# bathroom exhaust fans



## trademan (Mar 29, 2009)

I have a bathroom at a church in which I need to install a exhaust fan in.Does this need to come on with the light or can I switch it by its self.I can't locate where it says yesor no. So I thought I'd ask,so thanks for the answers


----------



## seo (Oct 28, 2008)

This is not an NEC requirement. Check with your local AHJ.


----------



## MDShunk (Jan 7, 2007)

There is no requirement that a bathroom without a shower or tub even have an exhaust fan. Wire it as you see fit. "Commercial" bath fans are typically almost always switched with the light or on a timer for occupied hours, however. It's normally only in a dwelling that you'd find the bath fan separately switched.


----------



## william1978 (Sep 21, 2008)

Switch it how ever you or the church wants.


----------



## william1978 (Sep 21, 2008)

Welcome to the forum trademan.


----------



## 480sparky (Sep 20, 2007)

william1978 said:


> Switch it how ever you or the church wants.

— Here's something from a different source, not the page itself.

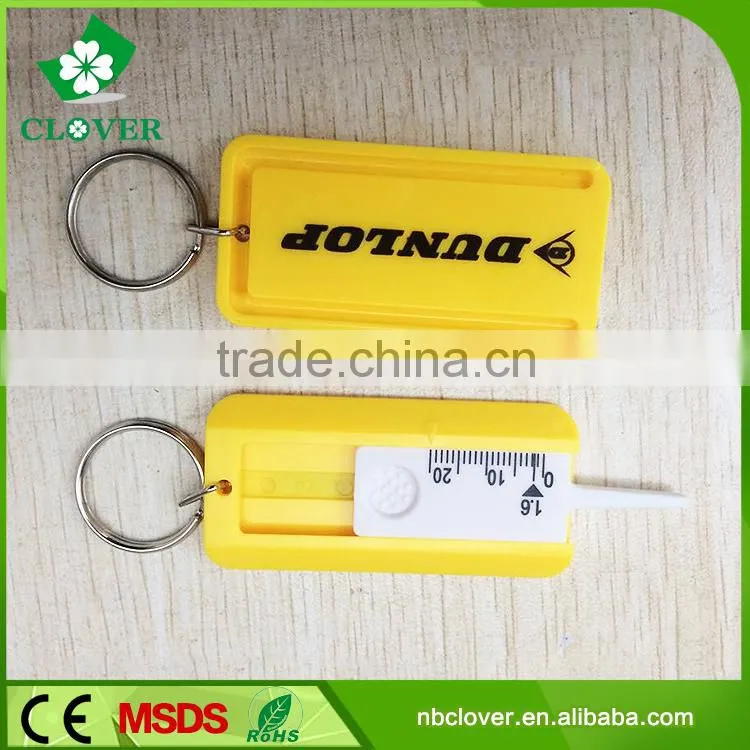 Plastic tread depth 0-20mm tire tread depth gauges with keyring for car using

Local codes may apply. Either building or mechanical.


----------



## william1978 (Sep 21, 2008)

480sparky said:


> Local codes may apply. Either building or mechanical.


 Like what are you talking about? Just curious.:thumbsup:


----------



## 480sparky (Sep 20, 2007)

william1978 said:


> Like what are you talking about? Just curious.:thumbsup:


 
Local codes.. you know... codes that are local. Codes that only apply in that area/town/city/state/*local*ity. Not everyone adopts the NEC, and even those that do can adopt amendments.

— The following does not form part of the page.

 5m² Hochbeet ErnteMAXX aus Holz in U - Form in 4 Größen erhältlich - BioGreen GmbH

Or are you asking about mechanical and building codes?


----------



## william1978 (Sep 21, 2008)

I'm curious if there is any code out there that wouldn't let him switch it like he wants to.


----------



## MDShunk (Jan 7, 2007)

william1978 said:


> I'm curious if there is any code out there that wouldn't let him switch it like he wants to.

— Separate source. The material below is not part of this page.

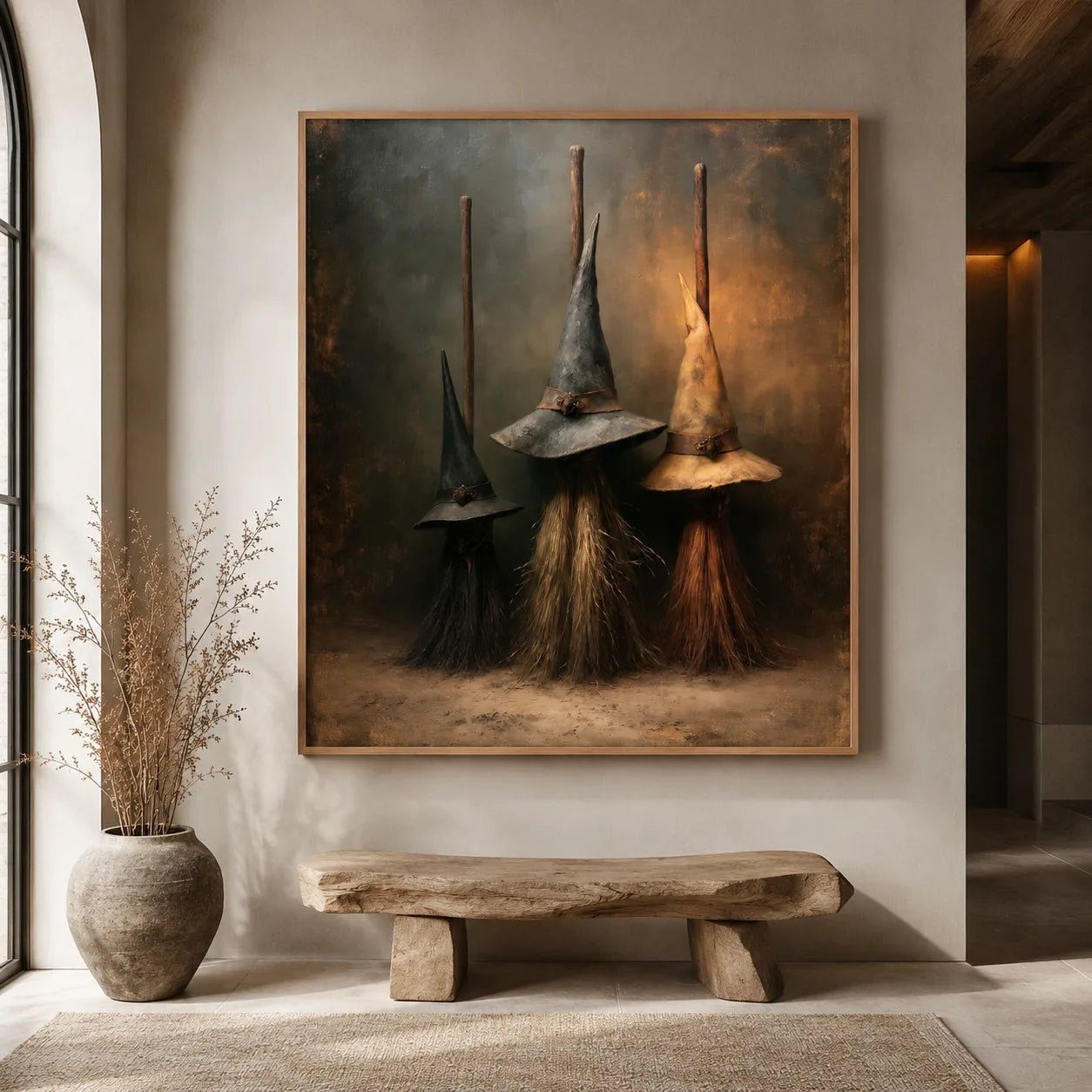 Witch Broom Trio Wall Art Decor - Wall Art Decor - close up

Yeah, there's somthing in the IBC. Give me a little bit to remote into my office PC and pull up the IBC. There's something in there someplace...


----------



## leland (Dec 28, 2007)

Building code.
mass. no window (operational),on all the time or on with the light.


----------



## MDShunk (Jan 7, 2007)

I've searched the IRC, IBC, and IMC for about an hour now. The only bath fan exhause requirements I can find are for hotels/motels and private dwellings. Other than that, there doesn't seem to be any exhaust fan reuirements at all. granted, you're dumb if you don't provide exhaust. There just doesn't seem to be any code requirment with regard to how you switch it.


----------



## vinster888 (May 3, 2009)

in my local schools all bathrooms have a fan and are controlled by occupancy sensor with the light. other than that i use separate switches


----------